While the appearance of the wise men usually comes after the birth of Christ, it’s their mad quest, born of an impossible dream, that I’d like to think about this morning. A closer examination reveals characters who may have been closer to Quixote than not, closer to folly than what usually passes for wisdom. To follow that star, no matter how hopeless, no matter how far – are those not words that could just as easily describe the mad journey of the wise men, guided by a star toward the Bethlehem event? They’re deemed “wise” in Matthew’s text, the only Gospel in which they appear, and generations of Christmas hymnody and pageantry and iconography have given the impression of three sage men, who alone discerned the stars correctly. You’ll notice on our communion table two sets of statues – on one side we have Quixote and Sancho Panza, and on the other we have the wise men, stories that I’ll be running together this morning. Quixote has been on my mind, and so it’s no surprise that when we entered the season of Advent, and as I began to think about the characters surrounding the Christmas story, the wise men took on shades of folly akin to Quixote that I haven’t been able to shake.
#Horror sound effects free#
Three times he breaks free and ventures into the countryside on adventures, dreaming his impossible dreams, following his unreachable star. Comic misunderstandings abound, and Don Quixote’s family and friends conspire to trap him and bring him back home, a place that, for the Don, bears all the features of a prison. Alonso Quixano is an aging landowner in early 17 th century Spain, and he reads so many novels that he loses his sanity, thereafter assuming the name of Don Quixote of La Mancha and riding into the countryside on his emaciated horse Rocinante, along with his faithful squire Sancho Panza, in order to renew the tradition of courtly love and honor and to set to right the injustices of the age. You likely know the story, or at least a version of it.
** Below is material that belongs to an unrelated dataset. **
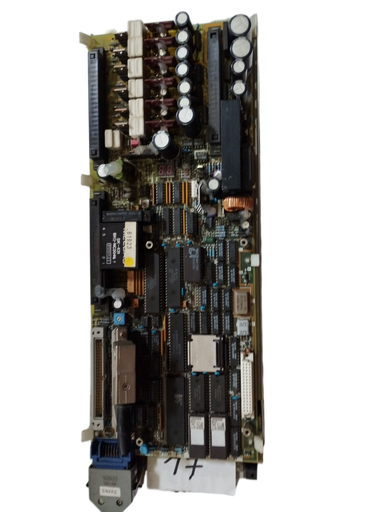 [3OELERAC_MR-S1--100-E31-] Variateur MITSUBISHI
It’s a novel about the wisdom of folly, and the folly of the so-called wise. The musical is very loosely based on the great novel by Cervantes, which I spent much of the summer and fall reading.

“This is my quest to follow that star no matter how hopeless no matter how far.” Those are the words that Don Quixote sings in the musical Man of La Mancha, words that I’m grateful we were able to hear from Brian Cheney and Simon.